A derrota da insensatez

Apreciei muito as reflexões do Jornalista Saul Leblon a respeito do resultado das eleições em São Paulo. Ficará transcrita neste blog.
Amorim de Andrade


O que fazer com a vitória em São Paulo?

Em política, o que fazer com a vitória é tão importante quanto vencer.
Cabe ao PT, a partir desta 2ª feira, dizer o que fará após derrotar em casa aquele que se propôs a ser o líder do conservadorismo brasileiro, José Serra.
Não é força de expressão colocar as peças no tabuleiro dessa forma polarizada.
Nem o gigantismo da cidade, nem o valor do seu orçamento - ainda que isso tenha um peso objetivo óbvio - elucidam porque a disputa em São Paulo se transformou no principal foco de atenção da mídia e do interesse do país.
O que distinguia o embate aqui como a disputa-chave das eleições brasileiras de 2012 era o confronto direto entre duas concepções de país, duas visões de democracia e duas propostas de desenvolvimento.

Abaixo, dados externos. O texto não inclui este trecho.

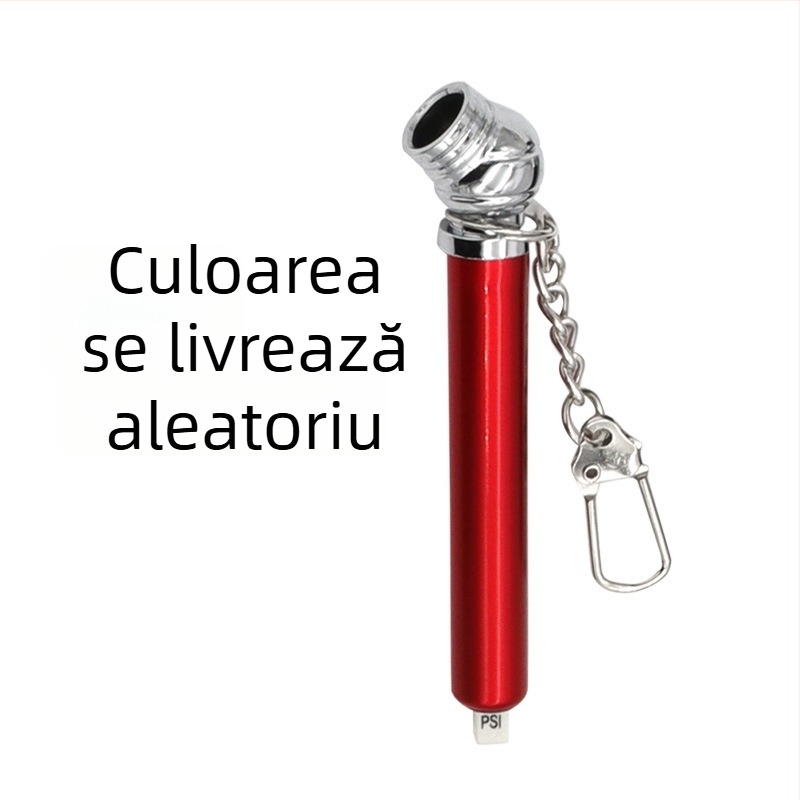 Manometru Joist pentru presiunea în pneuri, portabil cu lanț, pentru măsurare rapidă a presiunii, interfață de apăsare pentru etanșare strânsă și durabilă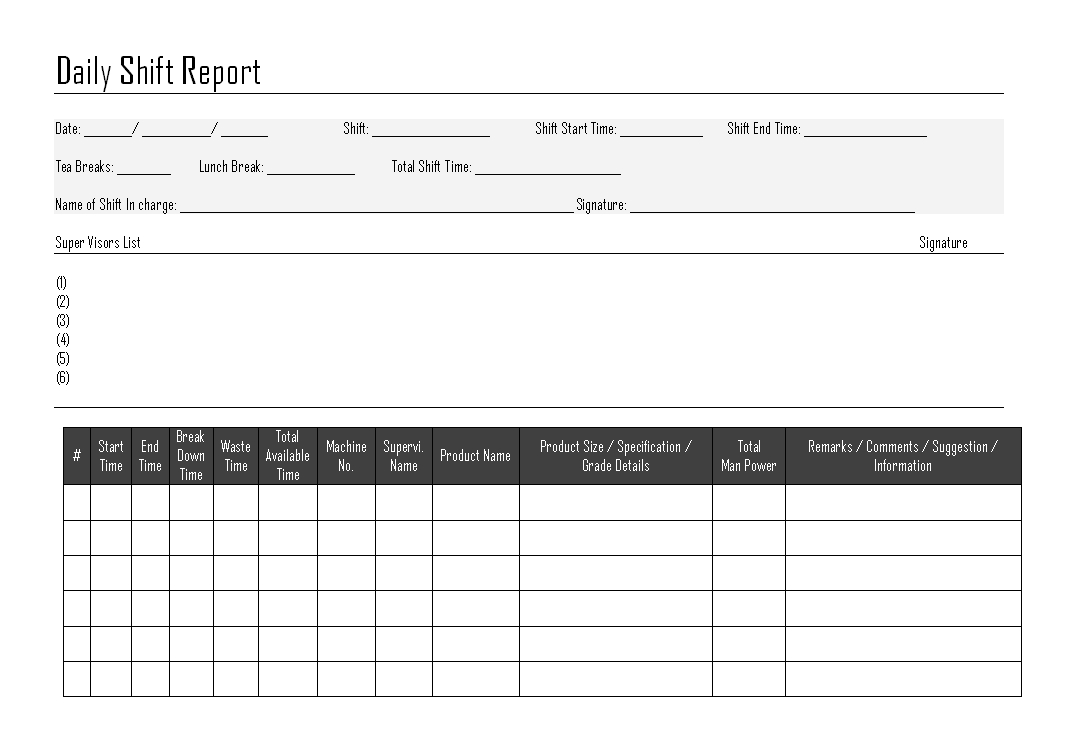 Daily Shift Report – In Shift Report Template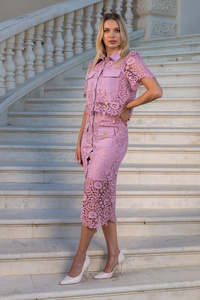 ADYABY <strong>2026</strong> Trending <strong>Fashion</strong> Mermaid Dress Women's Summer Hollow Out Lace Floral MiDi Party <strong>Wear</strong> with Buttons Belt - Product Image 3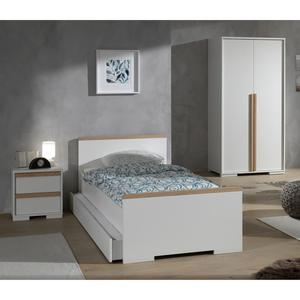 NASH WHITE - Chambre 90x200cm + Armoire 2 Portes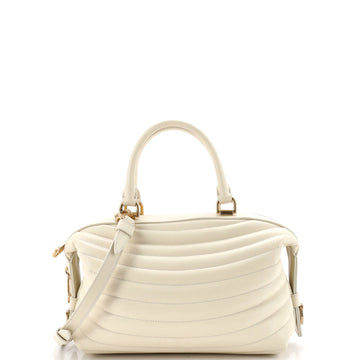 Salvatore Ferragamo Convertible Top Handle Bowling Bag Quilted Leather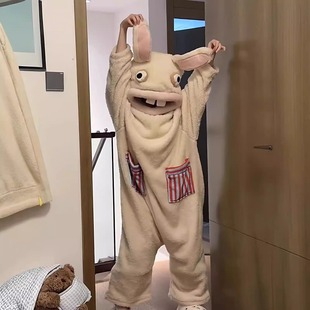 疯狂的兔子连体睡衣新款秋冬季搞怪抽象连帽睡袍珊瑚绒加厚玩偶服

Pode-se dizer, em adendo, que um julgamento de recorte nitidamente conservador desse antagonismo está sendo levado a cabo no STF há mais de 40 dias.
No das urnas, venceu a agenda personificada por Fernando Haddad, com a desassombrada estratégia política de Lula.

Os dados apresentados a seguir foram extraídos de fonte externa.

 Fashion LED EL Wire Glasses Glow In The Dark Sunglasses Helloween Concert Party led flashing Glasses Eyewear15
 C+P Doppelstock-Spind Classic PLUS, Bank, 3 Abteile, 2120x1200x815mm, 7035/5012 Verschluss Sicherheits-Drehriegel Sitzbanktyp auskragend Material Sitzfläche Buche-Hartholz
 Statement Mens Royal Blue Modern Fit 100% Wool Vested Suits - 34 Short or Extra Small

O que foi derrotado não é pouco.
Já em 2002, ao perceber como inexorável a vitória do PT, Serra fez uma opção comunicada ao seu grupo e, naturalmente, aos barões da mídia embarcados no mesmo destino:o tucano queria reunir uma bolsa de pelo menos 35 milhões de votos no segundo turno para se tornar o líder do anti-petismo no país.
Consolidar-se como a nova garganta conservadora, na linhagem de Carlos Lacerda & assemelhados, implicava eliminar concorrentes dentro e fora do PSDB; catalisar com a facilidade previsível um leque de interesses do mercado e, sobretudo, coordenar a crosta de jornalistas e editores alinhados ao objetivo de impedir que Lula e o PT consolidassem uma nova hegemonia progressista na política brasileira.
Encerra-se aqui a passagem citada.